Tugas 3 Etika & Profesionalisme TSI - Undang-Undang Nomor 36 Tahun 1999 Pasal 29 Tentang Telekomunikasi



NOMOR 36 TAHUN 1999
TENTANG TELEKOMUNIKASI

BAB IV
PENYELENGGARAAN

Bagian Kesembilan
Telekomunikasi Khusus

Pasal 29

1. Penyelenggaraan telekomunikasi khusus sebagaimana dimaksud dalam Pasal 9 ayat (3) huruf a dan huruf b, dilarang disambungkan ke jaringan penyelenggara telekomunikasi lainnya.
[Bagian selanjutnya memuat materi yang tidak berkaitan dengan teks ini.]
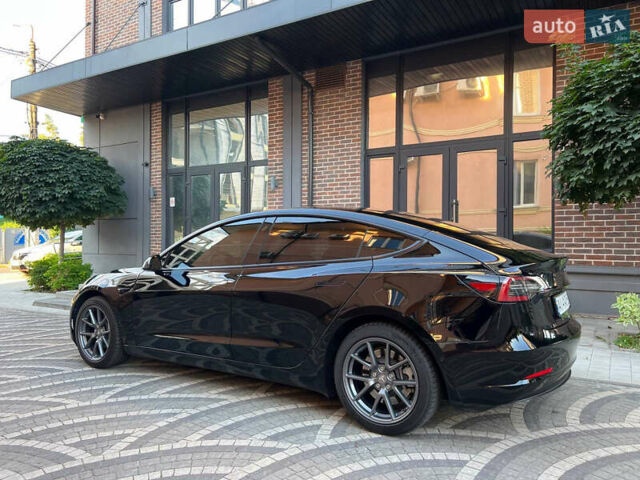 Черный Тесла Модель 3, объемом двигателя 0 л и пробегом 56 тыс. км за 18300 $, фото 4 на Automoto.ua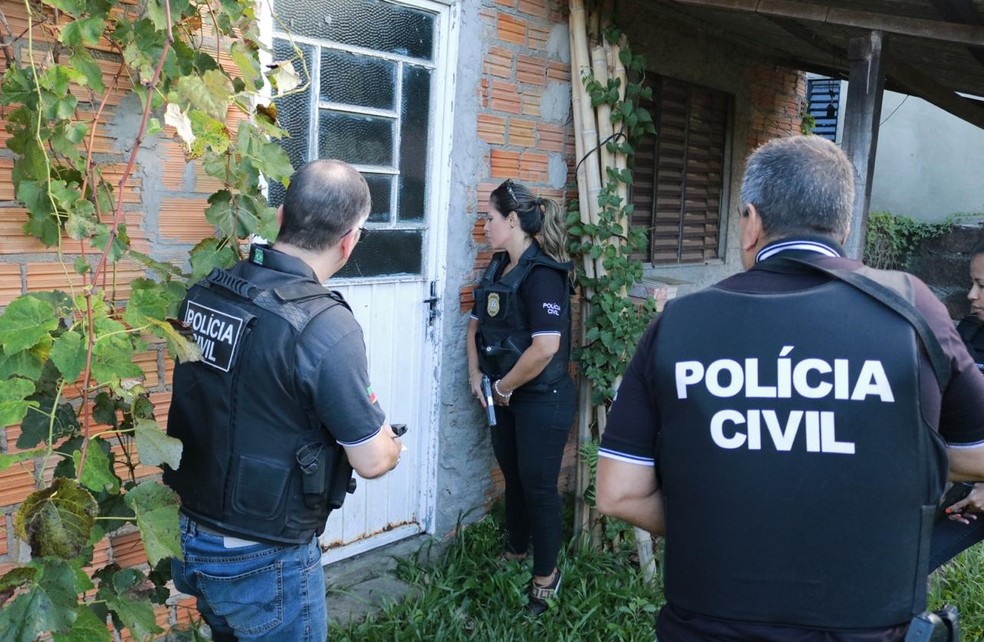 Polícia faz operação para combater violência contra a mulher — Foto: Divulgação/Polícia Civil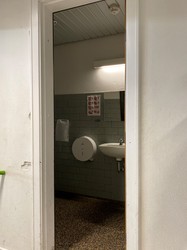 Gyvelhøjskolen - 4. Bygning D - Adgang til Bygning D, 1. sal i Bygning B og Bygning C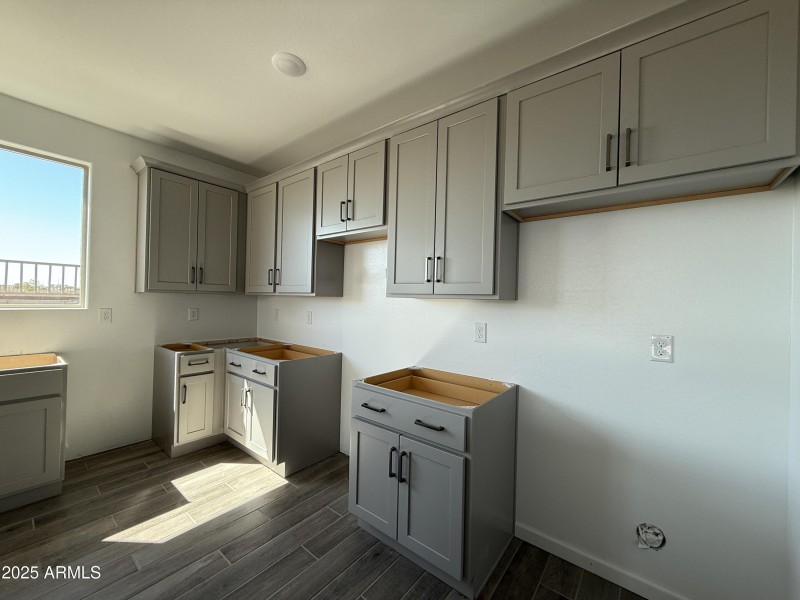 013_Kitchen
2. Penyelenggaraan telekomunikasi khusus sebagaimana dimaksud  dalam Pasal 9 ayat (3) huruf c, dapat disambungkan ke jaringan penyelenggara telekomunikasi lainnya sepanjang digunakan untuk keperluan penyiaran.

Penjelasan Pasal 29 :
Ayat 1
Telekomunikasi milik pribadi adalah telekomuniukasi yang bersifat private dan apabila ada pihak yang menyambungkan jaringan pribadi ke jaringan lainnya maka pihak yang menyambungkan tersebut patut mendapat hukuman karena telah melanggar hukum sesuai dengan yang disebutkan pada pasal ini. Telekomunikasi pertahanan dan keamanan negara adalah telekomunikasi yang bersifat rahasia untuk itu telekomunikasi ini tidak boleh disambungkan dengan jaringan lainnya karena menyangkut keamanan suatu negara yang apabila diketahui pihak lain dapat berbahaya, bila ada pihak yang menyambungkan jaringan ini dengan jaringan lain maka telah melanggar hukum sesuai dengan yang disebutkan pada pasal ini.

Ayat 2
Telekomunikasi penyiaran adalah telekomunikasi yang jaringannya dikhususkan untuk keperluan penyiaran misalnya televisi dan radio, untuk jaringan telekomunikasi ini diperbolehkan disambungkan dengan jaringan lainnya tetapi hanya untuk keperluan penyiaran, apabila digunakan untuk keperluan selain penyiaran, maka itu telah melanggar hukum sesuai dengan ketentuan pasal ini.

Contoh Kasus :  
Ada beberapa kasus mengenai fenomena media konvergensi di Indonesia, sebut saja Liputan 6 online, Kompas online dan radio streaming. Dari beberapa contoh tersebut ada satu hal yang sangat menarik, yaitu kasus radio Suara Surabaya. Sedikit perkenalan, radio ini merupakan radio lokal yang siarannya dapat diakses dan di unduh secara real time dan online.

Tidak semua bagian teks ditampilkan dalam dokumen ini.